Title: Re: Photo Ninja review
Post by: robgo2 on December 24, 2012, 04:53:42 pm
I never liked noise reduction - it always is costing the detail and i must say i like grain in high iso photographs
Also if you print big the noise is much less than on screen and on screen you do not need the high resolution ; ergo no noise...  no problem..

What is see in a quick test using phase one7- capture NX2 - PhotoNinja1.03 - Photoshop ACR CS6 and DXO8 is - that i like ACR best for high ISO. PhotoNinja is worst. ( d800e)
I just did some 'normal' photos in PhotoNinja and they look better than ACR.. more real,  more detail- more 3d. It fully uses the d800e NEF quality by default.

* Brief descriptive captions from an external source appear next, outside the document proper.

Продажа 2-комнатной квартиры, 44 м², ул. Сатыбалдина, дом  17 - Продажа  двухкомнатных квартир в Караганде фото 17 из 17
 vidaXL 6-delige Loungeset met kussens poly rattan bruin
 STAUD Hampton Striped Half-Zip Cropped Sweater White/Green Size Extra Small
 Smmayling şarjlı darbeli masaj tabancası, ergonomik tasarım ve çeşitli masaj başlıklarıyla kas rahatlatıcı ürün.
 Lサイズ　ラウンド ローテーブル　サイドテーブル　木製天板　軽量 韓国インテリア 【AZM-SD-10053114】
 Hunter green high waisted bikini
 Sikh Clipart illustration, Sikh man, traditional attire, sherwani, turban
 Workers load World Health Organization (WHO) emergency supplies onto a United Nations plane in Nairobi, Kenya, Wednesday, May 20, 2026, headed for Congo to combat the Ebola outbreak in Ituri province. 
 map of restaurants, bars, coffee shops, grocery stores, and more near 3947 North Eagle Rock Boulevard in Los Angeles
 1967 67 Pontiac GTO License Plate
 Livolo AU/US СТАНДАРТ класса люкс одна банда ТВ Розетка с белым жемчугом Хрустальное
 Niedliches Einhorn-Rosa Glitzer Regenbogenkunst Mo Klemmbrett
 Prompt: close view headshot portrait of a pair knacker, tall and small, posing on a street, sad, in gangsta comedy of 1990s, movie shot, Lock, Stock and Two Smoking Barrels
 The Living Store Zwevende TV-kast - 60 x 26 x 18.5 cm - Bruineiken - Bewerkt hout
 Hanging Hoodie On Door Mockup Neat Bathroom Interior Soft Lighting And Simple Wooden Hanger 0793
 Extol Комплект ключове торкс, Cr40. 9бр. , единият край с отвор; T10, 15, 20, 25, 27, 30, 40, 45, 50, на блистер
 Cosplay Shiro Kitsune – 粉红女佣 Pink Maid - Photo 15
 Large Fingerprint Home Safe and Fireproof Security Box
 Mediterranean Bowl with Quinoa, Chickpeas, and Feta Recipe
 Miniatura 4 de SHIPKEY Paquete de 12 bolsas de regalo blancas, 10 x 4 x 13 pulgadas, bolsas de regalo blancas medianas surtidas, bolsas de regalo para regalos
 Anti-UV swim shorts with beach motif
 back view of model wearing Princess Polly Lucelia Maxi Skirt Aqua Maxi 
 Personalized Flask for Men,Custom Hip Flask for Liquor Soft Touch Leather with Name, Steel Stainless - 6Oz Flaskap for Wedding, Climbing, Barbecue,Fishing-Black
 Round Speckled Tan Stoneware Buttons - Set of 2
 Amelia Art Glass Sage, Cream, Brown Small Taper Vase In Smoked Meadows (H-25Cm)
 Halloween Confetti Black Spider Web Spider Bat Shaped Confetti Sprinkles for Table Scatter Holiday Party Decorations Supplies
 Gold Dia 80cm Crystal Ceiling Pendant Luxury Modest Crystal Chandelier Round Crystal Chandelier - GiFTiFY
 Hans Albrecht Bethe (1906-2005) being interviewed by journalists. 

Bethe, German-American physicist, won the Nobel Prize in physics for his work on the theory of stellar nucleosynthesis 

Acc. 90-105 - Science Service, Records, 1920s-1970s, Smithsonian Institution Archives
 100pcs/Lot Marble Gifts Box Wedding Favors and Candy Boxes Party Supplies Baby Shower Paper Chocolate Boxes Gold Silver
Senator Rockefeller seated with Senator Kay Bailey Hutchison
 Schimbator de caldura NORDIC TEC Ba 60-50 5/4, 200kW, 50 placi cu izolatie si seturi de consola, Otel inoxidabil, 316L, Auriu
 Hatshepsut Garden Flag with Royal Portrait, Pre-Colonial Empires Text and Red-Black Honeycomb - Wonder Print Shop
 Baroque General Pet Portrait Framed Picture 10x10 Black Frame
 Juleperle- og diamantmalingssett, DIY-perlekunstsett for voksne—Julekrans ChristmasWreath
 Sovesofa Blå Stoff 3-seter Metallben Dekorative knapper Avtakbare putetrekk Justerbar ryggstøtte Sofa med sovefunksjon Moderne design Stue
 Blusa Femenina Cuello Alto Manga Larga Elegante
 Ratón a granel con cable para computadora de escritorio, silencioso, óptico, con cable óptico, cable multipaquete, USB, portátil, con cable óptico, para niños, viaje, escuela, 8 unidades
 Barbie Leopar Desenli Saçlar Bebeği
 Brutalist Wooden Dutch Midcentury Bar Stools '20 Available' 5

Photo Ninja uses a new version of Noise Ninja for noise reduction.  I find the default luminance noise reduction settings to be too strong.  The PN tutorial actually suggests manually starting with both the luminance smoothing and the detail sliders at zero and then raising them gradually until reaching the level of acceptable noise (not no noise).  I do smoothing first and detail second.  Using this method in very noisy images, I usually end up with smoothing at 8-16 and detail at around 2-3 times that value.  For less noisy images, the settings are lower.  I have done some comparisons with ACR, and I think that they are very close in terms of NR, but of course, the PN images look much better overall.

Why don't you try this method, and let us know how it works for you?